-- Directions for this task --
Set down all of the entries precisely as they were written.

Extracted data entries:

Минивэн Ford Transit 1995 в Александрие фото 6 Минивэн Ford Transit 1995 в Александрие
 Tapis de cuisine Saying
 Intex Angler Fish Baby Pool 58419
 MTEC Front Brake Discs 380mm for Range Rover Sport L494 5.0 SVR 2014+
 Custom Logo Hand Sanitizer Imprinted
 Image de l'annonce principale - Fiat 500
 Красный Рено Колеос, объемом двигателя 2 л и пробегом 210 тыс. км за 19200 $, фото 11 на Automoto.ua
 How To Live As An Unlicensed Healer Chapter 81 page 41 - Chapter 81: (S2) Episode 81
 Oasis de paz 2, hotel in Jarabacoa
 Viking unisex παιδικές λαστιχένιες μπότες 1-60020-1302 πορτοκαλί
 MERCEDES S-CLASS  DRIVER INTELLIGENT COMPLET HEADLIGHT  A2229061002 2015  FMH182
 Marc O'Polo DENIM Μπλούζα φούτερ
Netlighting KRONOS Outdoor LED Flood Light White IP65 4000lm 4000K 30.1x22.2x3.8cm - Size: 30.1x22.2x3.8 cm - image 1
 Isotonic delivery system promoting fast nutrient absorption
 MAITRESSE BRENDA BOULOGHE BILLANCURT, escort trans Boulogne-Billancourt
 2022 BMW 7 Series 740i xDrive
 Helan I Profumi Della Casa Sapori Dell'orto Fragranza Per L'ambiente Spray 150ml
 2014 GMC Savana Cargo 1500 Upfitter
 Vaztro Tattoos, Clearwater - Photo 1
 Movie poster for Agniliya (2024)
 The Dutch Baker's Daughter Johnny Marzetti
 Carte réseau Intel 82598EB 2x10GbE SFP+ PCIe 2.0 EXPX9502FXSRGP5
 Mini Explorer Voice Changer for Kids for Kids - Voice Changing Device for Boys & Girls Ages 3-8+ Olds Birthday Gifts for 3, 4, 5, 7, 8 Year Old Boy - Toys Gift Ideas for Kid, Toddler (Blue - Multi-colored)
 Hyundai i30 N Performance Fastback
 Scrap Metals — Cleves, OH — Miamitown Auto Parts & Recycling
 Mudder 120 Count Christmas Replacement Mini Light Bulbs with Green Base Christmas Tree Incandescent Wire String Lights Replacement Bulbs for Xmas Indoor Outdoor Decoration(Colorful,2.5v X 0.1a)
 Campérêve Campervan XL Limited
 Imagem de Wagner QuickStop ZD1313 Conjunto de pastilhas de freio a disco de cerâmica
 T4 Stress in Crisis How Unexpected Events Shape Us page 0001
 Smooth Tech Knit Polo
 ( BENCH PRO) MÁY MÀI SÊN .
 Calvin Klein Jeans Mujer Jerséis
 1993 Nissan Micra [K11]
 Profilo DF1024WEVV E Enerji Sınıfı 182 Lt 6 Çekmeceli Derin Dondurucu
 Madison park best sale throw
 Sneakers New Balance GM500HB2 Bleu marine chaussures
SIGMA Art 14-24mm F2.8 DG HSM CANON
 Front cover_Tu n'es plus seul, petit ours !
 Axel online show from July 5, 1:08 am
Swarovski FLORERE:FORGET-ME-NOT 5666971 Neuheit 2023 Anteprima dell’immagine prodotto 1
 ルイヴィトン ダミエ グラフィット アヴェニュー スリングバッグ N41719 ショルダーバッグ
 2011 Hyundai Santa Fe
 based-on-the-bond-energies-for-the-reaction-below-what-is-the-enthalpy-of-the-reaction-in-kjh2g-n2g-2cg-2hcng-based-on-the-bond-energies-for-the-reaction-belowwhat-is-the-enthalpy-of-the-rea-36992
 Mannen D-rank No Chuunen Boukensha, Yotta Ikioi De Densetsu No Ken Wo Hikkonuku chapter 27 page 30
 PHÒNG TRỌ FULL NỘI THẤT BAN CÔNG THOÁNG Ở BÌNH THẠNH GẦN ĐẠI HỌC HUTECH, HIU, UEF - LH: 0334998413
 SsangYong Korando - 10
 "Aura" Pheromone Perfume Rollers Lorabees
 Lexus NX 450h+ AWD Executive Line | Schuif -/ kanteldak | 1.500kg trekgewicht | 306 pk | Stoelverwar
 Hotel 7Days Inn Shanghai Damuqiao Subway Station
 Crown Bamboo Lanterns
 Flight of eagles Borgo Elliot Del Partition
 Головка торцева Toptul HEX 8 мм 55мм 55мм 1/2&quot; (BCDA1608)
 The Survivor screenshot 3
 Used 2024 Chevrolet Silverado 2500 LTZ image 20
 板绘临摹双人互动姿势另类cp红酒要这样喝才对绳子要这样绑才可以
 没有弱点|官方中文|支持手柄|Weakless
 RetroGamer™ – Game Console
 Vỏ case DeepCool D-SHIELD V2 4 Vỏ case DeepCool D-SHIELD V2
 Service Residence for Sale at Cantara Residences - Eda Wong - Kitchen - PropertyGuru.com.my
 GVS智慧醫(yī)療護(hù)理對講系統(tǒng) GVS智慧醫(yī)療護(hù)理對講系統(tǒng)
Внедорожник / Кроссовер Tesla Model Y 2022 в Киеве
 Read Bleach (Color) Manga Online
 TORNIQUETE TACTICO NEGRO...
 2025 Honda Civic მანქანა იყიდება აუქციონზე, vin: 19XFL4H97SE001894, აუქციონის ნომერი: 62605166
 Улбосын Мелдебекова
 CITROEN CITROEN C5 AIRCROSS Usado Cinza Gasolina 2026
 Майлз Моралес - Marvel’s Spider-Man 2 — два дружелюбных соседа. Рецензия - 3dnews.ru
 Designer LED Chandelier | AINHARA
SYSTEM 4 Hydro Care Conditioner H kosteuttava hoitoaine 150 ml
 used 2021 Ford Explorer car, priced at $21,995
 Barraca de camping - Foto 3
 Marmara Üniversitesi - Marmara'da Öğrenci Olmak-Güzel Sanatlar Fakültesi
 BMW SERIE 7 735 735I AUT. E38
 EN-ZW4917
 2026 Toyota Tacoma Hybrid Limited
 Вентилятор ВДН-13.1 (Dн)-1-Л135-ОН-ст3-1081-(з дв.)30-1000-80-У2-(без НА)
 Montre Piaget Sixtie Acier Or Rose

-- Solution to this exercise --
Минивэн Ford Transit 1995 в Александрие фото 6 Минивэн Ford Transit 1995 в Александрие
 Tapis de cuisine Saying
 Intex Angler Fish Baby Pool 58419
 MTEC Front Brake Discs 380mm for Range Rover Sport L494 5.0 SVR 2014+
 Custom Logo Hand Sanitizer Imprinted
 Image de l'annonce principale - Fiat 500
 Красный Рено Колеос, объемом двигателя 2 л и пробегом 210 тыс. км за 19200 $, фото 11 на Automoto.ua
 How To Live As An Unlicensed Healer Chapter 81 page 41 - Chapter 81: (S2) Episode 81
 Oasis de paz 2, hotel in Jarabacoa
 Viking unisex παιδικές λαστιχένιες μπότες 1-60020-1302 πορτοκαλί
 MERCEDES S-CLASS  DRIVER INTELLIGENT COMPLET HEADLIGHT  A2229061002 2015  FMH182
 Marc O'Polo DENIM Μπλούζα φούτερ
Netlighting KRONOS Outdoor LED Flood Light White IP65 4000lm 4000K 30.1x22.2x3.8cm - Size: 30.1x22.2x3.8 cm - image 1
 Isotonic delivery system promoting fast nutrient absorption
 MAITRESSE BRENDA BOULOGHE BILLANCURT, escort trans Boulogne-Billancourt
 2022 BMW 7 Series 740i xDrive
 Helan I Profumi Della Casa Sapori Dell'orto Fragranza Per L'ambiente Spray 150ml
 2014 GMC Savana Cargo 1500 Upfitter
 Vaztro Tattoos, Clearwater - Photo 1
 Movie poster for Agniliya (2024)
 The Dutch Baker's Daughter Johnny Marzetti
 Carte réseau Intel 82598EB 2x10GbE SFP+ PCIe 2.0 EXPX9502FXSRGP5
 Mini Explorer Voice Changer for Kids for Kids - Voice Changing Device for Boys & Girls Ages 3-8+ Olds Birthday Gifts for 3, 4, 5, 7, 8 Year Old Boy - Toys Gift Ideas for Kid, Toddler (Blue - Multi-colored)
 Hyundai i30 N Performance Fastback
 Scrap Metals — Cleves, OH — Miamitown Auto Parts & Recycling
 Mudder 120 Count Christmas Replacement Mini Light Bulbs with Green Base Christmas Tree Incandescent Wire String Lights Replacement Bulbs for Xmas Indoor Outdoor Decoration(Colorful,2.5v X 0.1a)
 Campérêve Campervan XL Limited
 Imagem de Wagner QuickStop ZD1313 Conjunto de pastilhas de freio a disco de cerâmica
 T4 Stress in Crisis How Unexpected Events Shape Us page 0001
 Smooth Tech Knit Polo
 ( BENCH PRO) MÁY MÀI SÊN .
 Calvin Klein Jeans Mujer Jerséis
 1993 Nissan Micra [K11]
 Profilo DF1024WEVV E Enerji Sınıfı 182 Lt 6 Çekmeceli Derin Dondurucu
 Madison park best sale throw
 Sneakers New Balance GM500HB2 Bleu marine chaussures
SIGMA Art 14-24mm F2.8 DG HSM CANON
 Front cover_Tu n'es plus seul, petit ours !
 Axel online show from July 5, 1:08 am
Swarovski FLORERE:FORGET-ME-NOT 5666971 Neuheit 2023 Anteprima dell’immagine prodotto 1
 ルイヴィトン ダミエ グラフィット アヴェニュー スリングバッグ N41719 ショルダーバッグ
 2011 Hyundai Santa Fe
 based-on-the-bond-energies-for-the-reaction-below-what-is-the-enthalpy-of-the-reaction-in-kjh2g-n2g-2cg-2hcng-based-on-the-bond-energies-for-the-reaction-belowwhat-is-the-enthalpy-of-the-rea-36992
 Mannen D-rank No Chuunen Boukensha, Yotta Ikioi De Densetsu No Ken Wo Hikkonuku chapter 27 page 30
 PHÒNG TRỌ FULL NỘI THẤT BAN CÔNG THOÁNG Ở BÌNH THẠNH GẦN ĐẠI HỌC HUTECH, HIU, UEF - LH: 0334998413
 SsangYong Korando - 10
 "Aura" Pheromone Perfume Rollers Lorabees
 Lexus NX 450h+ AWD Executive Line | Schuif -/ kanteldak | 1.500kg trekgewicht | 306 pk | Stoelverwar
 Hotel 7Days Inn Shanghai Damuqiao Subway Station
 Crown Bamboo Lanterns
 Flight of eagles Borgo Elliot Del Partition
 Головка торцева Toptul HEX 8 мм 55мм 55мм 1/2&quot; (BCDA1608)
 The Survivor screenshot 3
 Used 2024 Chevrolet Silverado 2500 LTZ image 20
 板绘临摹双人互动姿势另类cp红酒要这样喝才对绳子要这样绑才可以
 没有弱点|官方中文|支持手柄|Weakless
 RetroGamer™ – Game Console
 Vỏ case DeepCool D-SHIELD V2 4 Vỏ case DeepCool D-SHIELD V2
 Service Residence for Sale at Cantara Residences - Eda Wong - Kitchen - PropertyGuru.com.my
 GVS智慧醫(yī)療護(hù)理對講系統(tǒng) GVS智慧醫(yī)療護(hù)理對講系統(tǒng)
Внедорожник / Кроссовер Tesla Model Y 2022 в Киеве
 Read Bleach (Color) Manga Online
 TORNIQUETE TACTICO NEGRO...
 2025 Honda Civic მანქანა იყიდება აუქციონზე, vin: 19XFL4H97SE001894, აუქციონის ნომერი: 62605166
 Улбосын Мелдебекова
 CITROEN CITROEN C5 AIRCROSS Usado Cinza Gasolina 2026
 Майлз Моралес - Marvel’s Spider-Man 2 — два дружелюбных соседа. Рецензия - 3dnews.ru
 Designer LED Chandelier | AINHARA
SYSTEM 4 Hydro Care Conditioner H kosteuttava hoitoaine 150 ml
 used 2021 Ford Explorer car, priced at $21,995
 Barraca de camping - Foto 3
 Marmara Üniversitesi - Marmara'da Öğrenci Olmak-Güzel Sanatlar Fakültesi
 BMW SERIE 7 735 735I AUT. E38
 EN-ZW4917
 2026 Toyota Tacoma Hybrid Limited
 Вентилятор ВДН-13.1 (Dн)-1-Л135-ОН-ст3-1081-(з дв.)30-1000-80-У2-(без НА)
 Montre Piaget Sixtie Acier Or Rose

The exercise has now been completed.